GitLab Storage Re-balancing
Moving project repositories between gitaly
storage shards presently
involves direct human intervention, which is obviously a less than
ideal arrangement. To help reduce the cognitive load involved in the
procedures involved, the following instructional walk-throughs are
documented here.
Summary
Section titled “Summary”Moving a project git repository from the file system of one gitaly
storage shard node to another is referred to as “migration”.
A migration consists of both a repository replication and the update of
the name of the repository_storage
field of the given Project
in the
GitLab database.
Only if both of these operations succeed is a migration considered to have successfully taken place.
In order to replicate a repository and update the database field which tracks
the residence of the project repository, the project repository must be marked
as read-only. Once the job has completed, the project must be marked back to
writable again by setting project.repository_read_only = false
.
In order to orchestrate this, a gitlab-rails
app feature is responsible
for scheduling a sidekiq job called ProjectUpdateRepositoryStorageWorker
.
During invocation, activity for this job will appear in the kibana logs. For
example: https://log.gprd.gitlab.net/goto/1a02b96a7066e7c2cbacbf55e3d5947d
You may find the implementation here: https://gitlab.com/gitlab-org/gitlab/-/blob/master/app/services/projects/update_repository_storage_service.rb#L16
Dashboards
Section titled “Dashboards”The Gitaly Rebalancing dashboard is designed to assist with decision making around manual re-balancing of repositories. It is recommended that this dashboard is consulted before triggering a manual re-balance, to get an idea of which servers are over-utilized and which ones are under-utilized.
How to migrate a project repository
Section titled “How to migrate a project repository”Over time, a couple of methods have been developed for accomplishing the re-location of a project repository from one gitaly storage shard node file system to another.
Single repo manual selection
Section titled “Single repo manual selection”- Login to gitlab.com using an admin account.
- Navigate to https://gitlab.com/profile/personal_access_tokens and generate a private token.
- Enable the scope for
api
. - Set an expiration date three or four days from now.
-
Take note of the project ID. You will need it to move the project via the API. You can find it in the project page, next to the project avatar and under the project name.
-
Export your admin auth token as an environmdent variable in your shell session.

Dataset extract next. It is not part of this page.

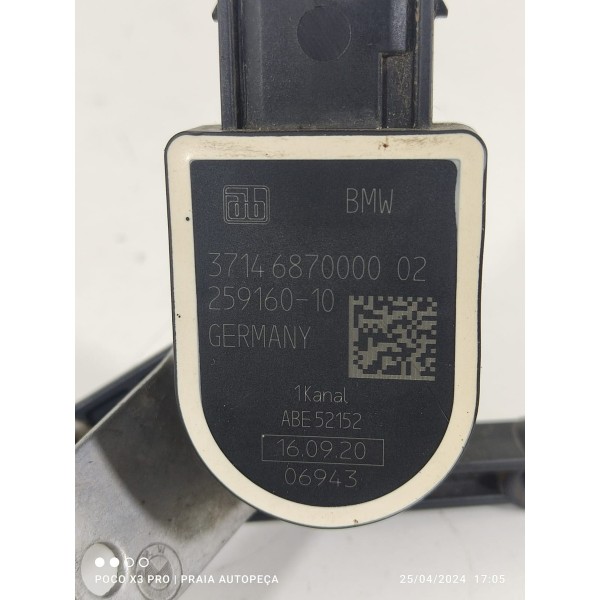 Sensor Altura Nivel Farol Bmw 320 330 Tras 2019/23 25916010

Terminal window export GITLAB_GPRD_ADMIN_API_PRIVATE_TOKEN=CHANGEME -
Trigger the move using the API. For example:
Terminal window ./scripts/storage_repository_move.sh 'path/to/project' 'nfs-fileYY'
- Note: The parameter of
nfs-fileYY
is the name of the destination gitaly shard as configured in thegit_data_dirs
options of thegitlab.rb
file. - Note: The project will automatically be set into read-only and set back to read-write after the move.
- If needed, check logs for the sidekiq job in Kibana: https://log.gprd.gitlab.net/goto/35c31768d3be0137be06e562422ffba0
Multiple repo automated selection
Section titled “Multiple repo automated selection”Through the Balancer project, you can trigger a pipeline to automatically balance the gitaly shards with the highest amount of disk space. You can do this by triggering a pipeline with the following environment variables:
ENVIRONMENT
: Default is staging, set this toproduction
.DRY_RUN
: Defaults to true. Set this asfalse
orno
.SLACK_NOTIFY
: Notify the #production channel. Set this totrue
.
The migration logs will be saved as an artifact that you can download in the move_projects
job.
Slightly automated selection
Section titled “Slightly automated selection”A script exists in this repo:
scripts/storage_rebalance.rb
The goal of this script is to safely and reliably replicate project git repositories from one gitaly shard to another.
This script will select projects with the largest repositories on the given source gitaly shard and schedule them for replication to the destination gitaly shard. If a minimum amount of gigabytes is given, the script will continue to replicate repositories to the destination shard until the total gigabytes replicated has reached the given amount.
How to use it
Section titled “How to use it”-
Clone this repository:
git clone [email protected]:gitlab-com/runbooks.git
-
Change directory into the cloned runbooks project repository:
cd runbooks
-
Install any necessary rubies and dependencies:
Terminal window rbenv install $(rbenv local)gem install bundlerbundle install --path=vendor/bundle -
You will need a personal access token with the
api
scope enabled. Export the token as an environment variable in your shell session:Terminal window export GITLAB_GPRD_ADMIN_API_PRIVATE_TOKEN=CHANGEME -
Invoke the script using the
--help
flag for usage details:bundle exec scripts/storage_rebalance.rb --help
-
Create a new production change issue using the
storage_rebalancing
template and follow the instructions in the issue description. -
Invoke a dry run and record the output in the re-balancing issue.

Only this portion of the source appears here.